A Star is Torn
Wednesday, May
2nd, 2012
This article
talks to us about one of the wonders of space, how a black hole swallows a
star. In 2010 NASA spotted a brightening around a massive back hole found in
more than 2 billion light years from Earth. The flare continued to grow in
brightness but then it died out. On May 2, an online article came out explaining
how black holes engulf stars, and it said that by the time of the of
engulfment, the star is just a helium-rich core, that probably had lost all of
its layers in previous encounters with the black hole. The black hole ingests
the star but leaves some stellar material into space. In 2010 this is most
likely what happened, scientists suggest, that the light shown was the evidence
that the black hole was shredding a star that wandered too close to it. Such
disruptions are said to be rare, occurring only once every 10,000 years per
galaxy, and it can also be helpful for astronomers to spot hidden black holes.
I chose this
article, because at first I had seen a short notice on a National Newspaper
that same morning, and I thought it was interesting, then when I was going to
do the blog I saw it, and I decided I was going to use it. The way I chose it
and how it is related to my life are closely related, because I’m very
interested in the way the things of outer space work, and black holes are just
something that are not really common, and the fact that they can eat up stars is
just beyond the common thing you hear about space.
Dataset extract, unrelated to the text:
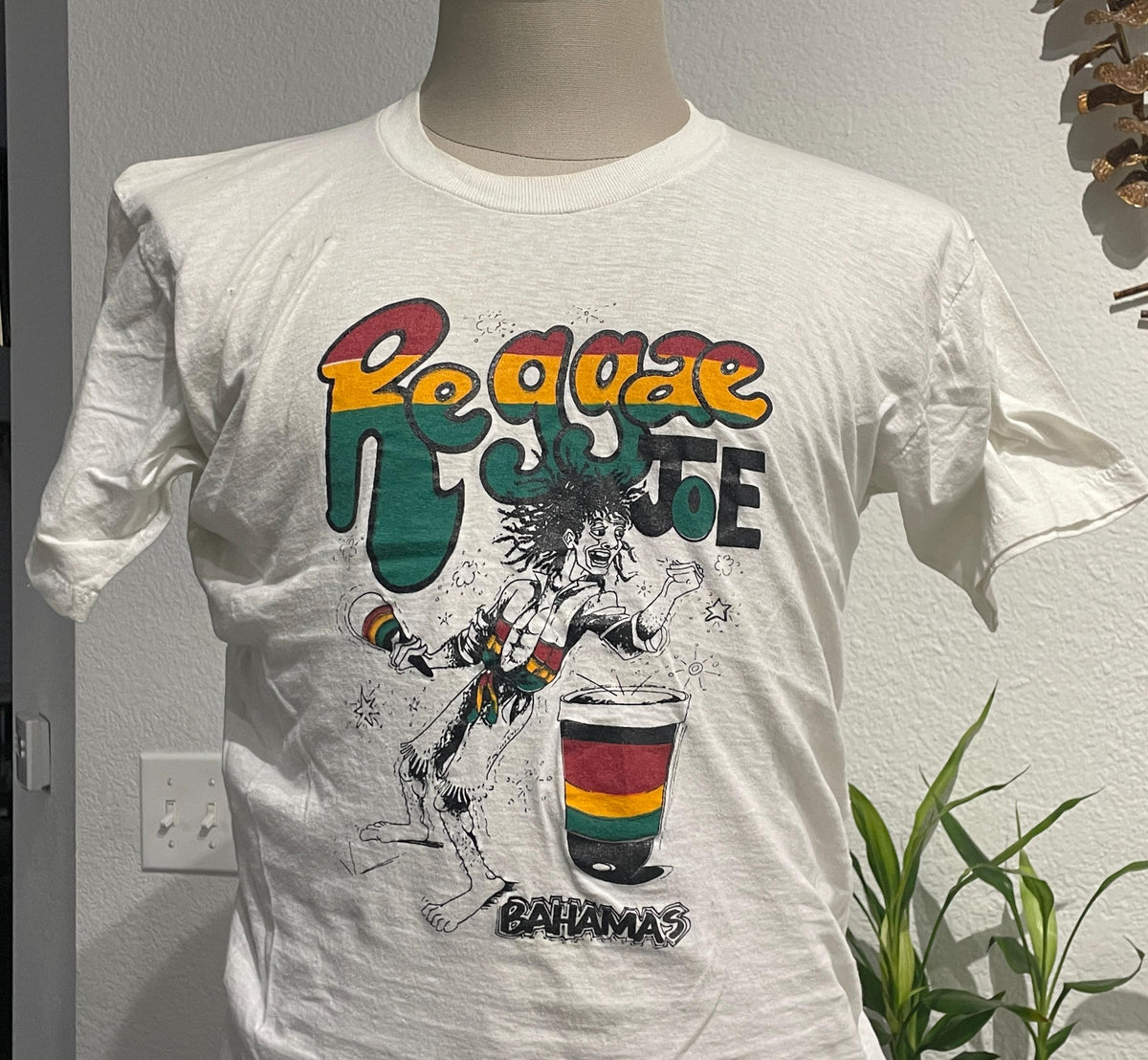 Vinatge 80s Reggae Joe Bahamas white Tshirt size S Graphic Tee – Fan Favorite · Perfect For Daily Wear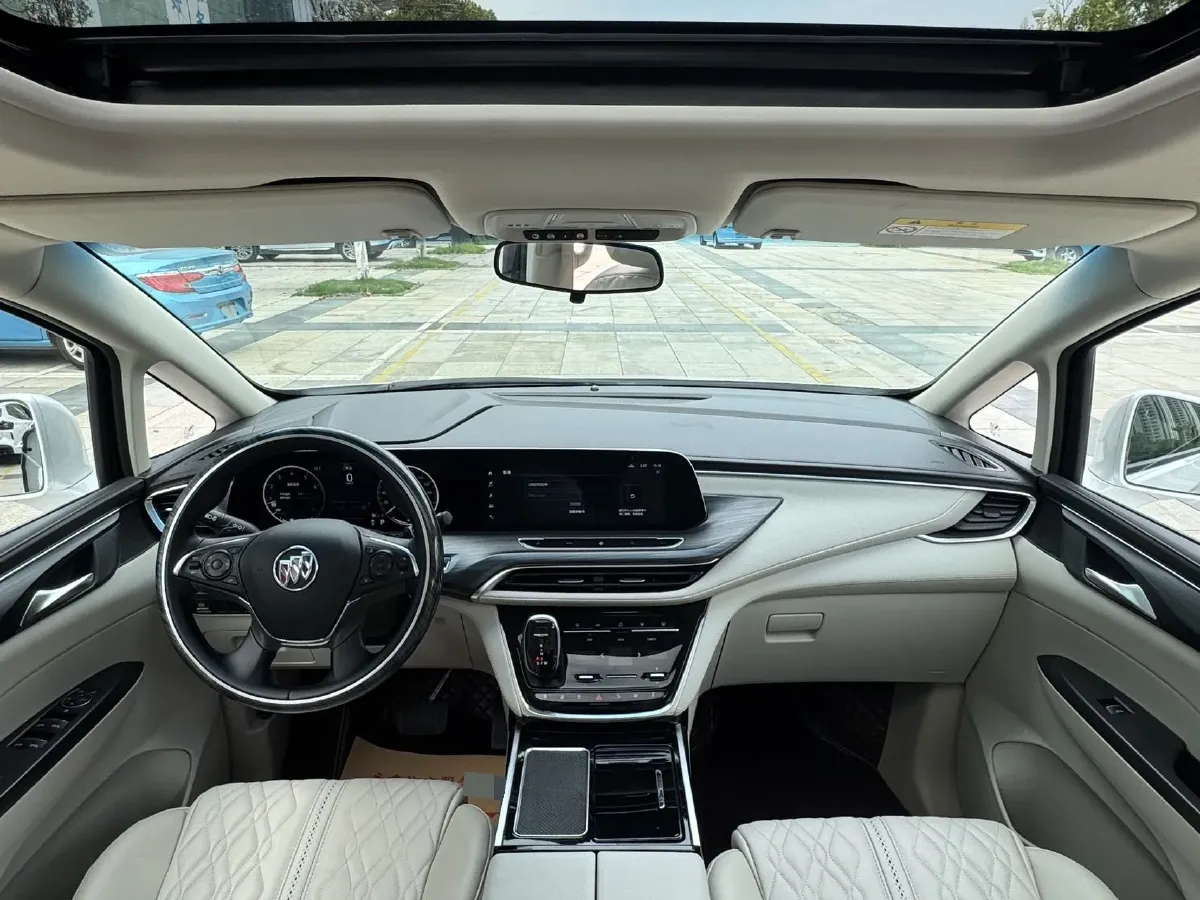 2022 Buick GL8 2.0T 237HP L4 9AT,autocango,china used car exporter,china ev exporter,chinese used car exporter,chinese used ev exporter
I think that everything
about this article interested me, and I hadn’t done an article related to space
since a while ago, and I think that it is just something that is always going
to be a part of me, and it was just a very interesting article.
I think that the
area of interaction to which I can relate this article is Environments, because
outer space is just another environment that we know little of. So I think that
it is closely related to the way we can perceive our own environment.
Can you imagine...Swallowing a star.....The black hole must be massive.